# --- Day 9: Disk Fragmenter ---

Another push of the button leaves you in the familiar hallways of some friendly amphipods! Good thing you each somehow got your own personal mini submarine. The Historians jet away in search of the Chief, mostly by driving directly into walls.

While The Historians quickly figure out how to pilot these things, you notice an amphipod in the corner struggling with his computer. He's trying to make more contiguous free space by compacting all of the files, but his program isn't working; you offer to help.

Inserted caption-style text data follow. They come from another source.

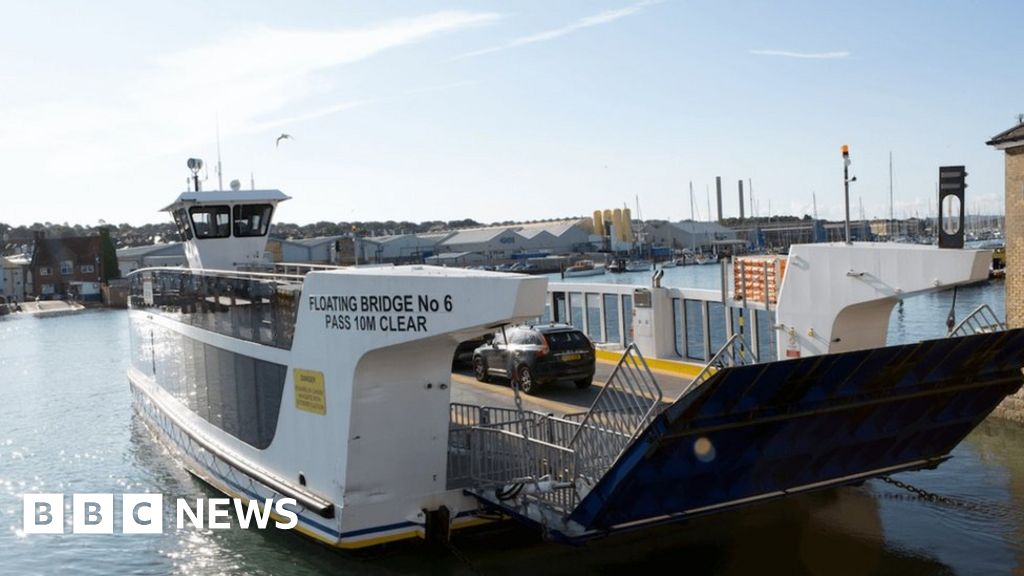 Cowes Floating Bridge: Chain ferry set to halt for 'essential' fix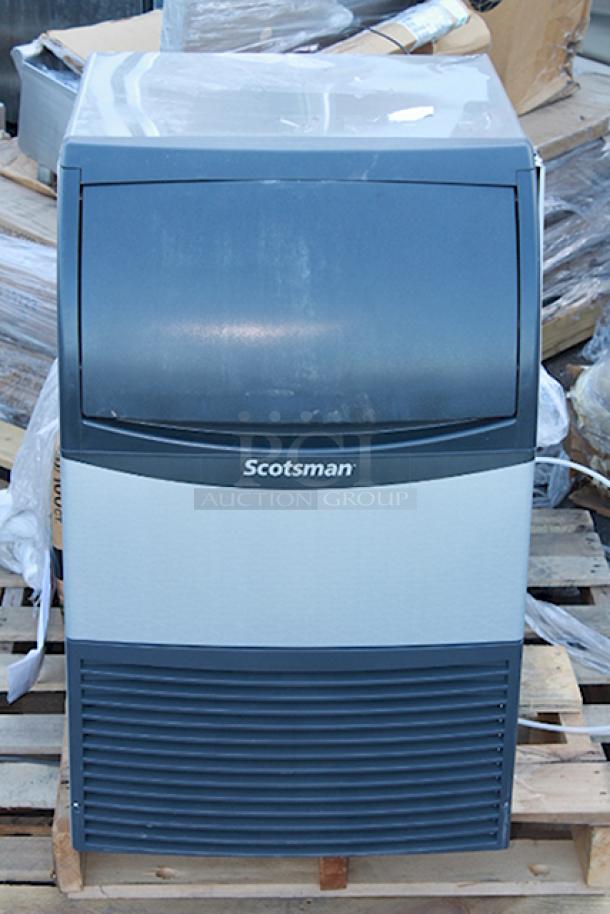 BRAND NEW SCRATCH & DENT! Scotsman UN1520A 20" Air Cooled Undercounter Nugget Ice Machine - 167 lb.	115 Volts		1 Phase	60 Hz. S/N: 24011320014754 - Image 1 of 6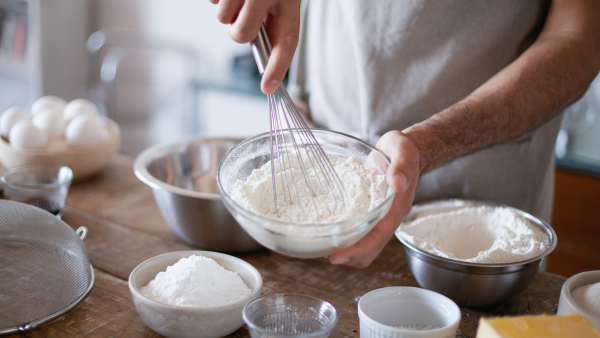 Khi làm bánh, bạn sử dụng khá nhiều nguyên liệu và phụ gia để món bánh được trở nên ngon và trông bắt mắt hơn.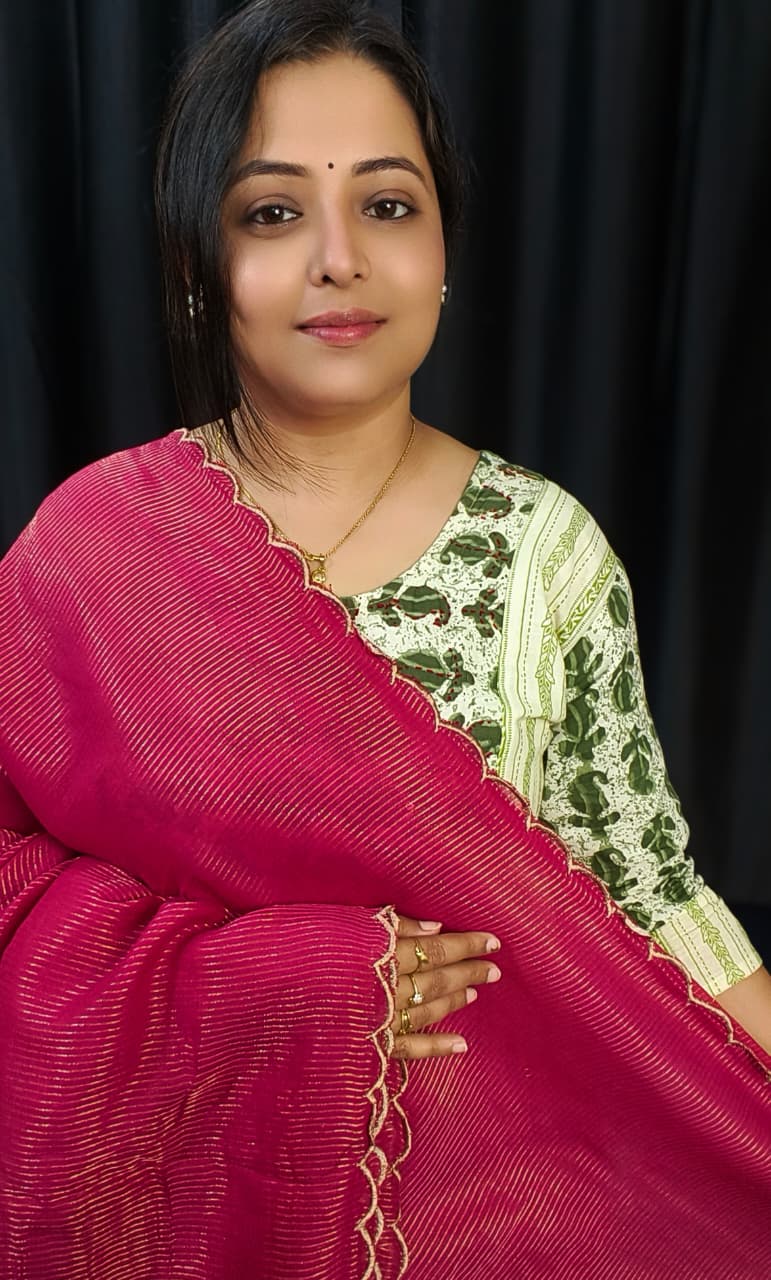 Rani Pink Pure Mul Cotton Bengal Handloom Saree Rani Pink Pure Mul Cotton Bengal Handloom Saree with Scalloped Zari Border
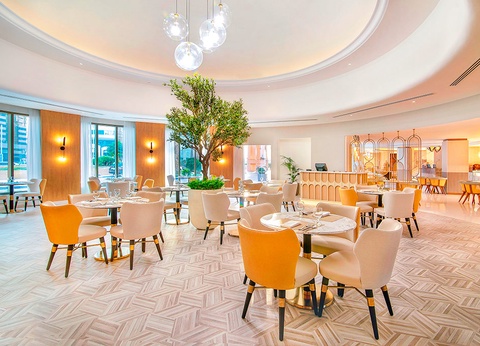 Sheraton Abu Dhabi Hotel & Resort 5* - 6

He shows you the disk map (your puzzle input) he's already generated. For example:

`2333133121414131402`

The disk map uses a dense format to represent the layout of files and free space on the disk. The digits alternate between indicating the length of a file and the length of free space.

So, a disk map like 12345 would represent a one-block file, two blocks of free space, a three-block file, four blocks of free space, and then a five-block file. A disk map like 90909 would represent three nine-block files in a row (with no free space between them).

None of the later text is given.